Luke Simon Gunn (born 22 March 1985) is a British male track and field athlete who competed in the 3000 metres steeplechase.

== Biography ==
Born in Derby, Derbyshire, England, Gunn studied Sport and Material Science at Birmingham University, graduating in 2006.

Gunn also competed for the Florida State Seminoles track and field team in the NCAA.

Gunn was AAA National Champion for Steeplechase in 2009. He was United Kingdom 3000 m Steeplechase Champion between 2009 and 2012. Gunn was placed 4th in the Men's 3000 metres steeplechase at the 2005 Summer Universiade.

Luke Gunn was placed 5th in the 3000 metres steeplechase at the 2014 European Team Championships Super League. Gunn was 5th in the 3000 metres steeplechase at the 2010 European Team Championships Super League. Gunn was placed 6th in the Men's 3000 metres steeplechase at the 2007 European Athletics U23 Championships. Gunn finished 6th in the Men's 3000 metres steeplechase at the 2005 European Athletics U23 Championships. Gunn was 7th in the Junior men individual 5.64km at the 2004 European Cross Country Championships.

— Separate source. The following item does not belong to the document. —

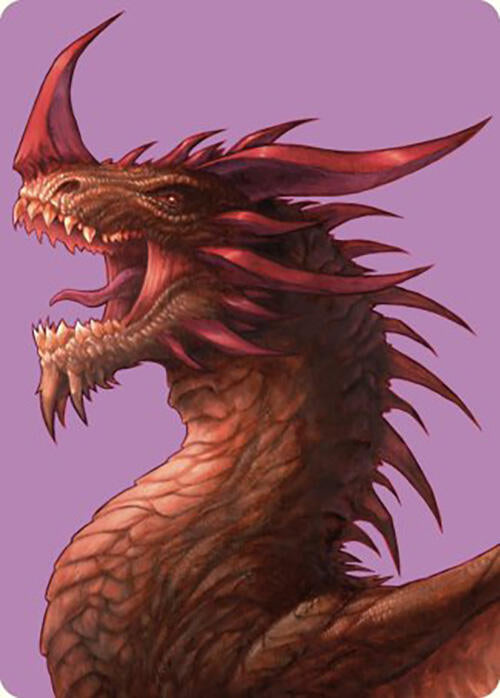 The Ur-Dragon Art Card (61) [Commander Masters Art Series]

Gunn represented England at the Commonwealth Games in 2006, 2010 and 2014. Gunn came 12th in the Men's 3000 metres steeplechase at the 2006 Commonwealth Games. Gunn was placed 7th in the Men's 3000 metres steeplechase at the 2010 Commonwealth Games. Gunn was 7th in the Men's 3000 metres steeplechase at the 2014 Commonwealth Games.

Luke Gunn finished 72nd in the Senior men's race at the 2011 IAAF World Cross Country Championships.
He used to represent ASICS but towards the end of his career moved to the Copper Fox.

He married fellow athlete Hannah England in 2013.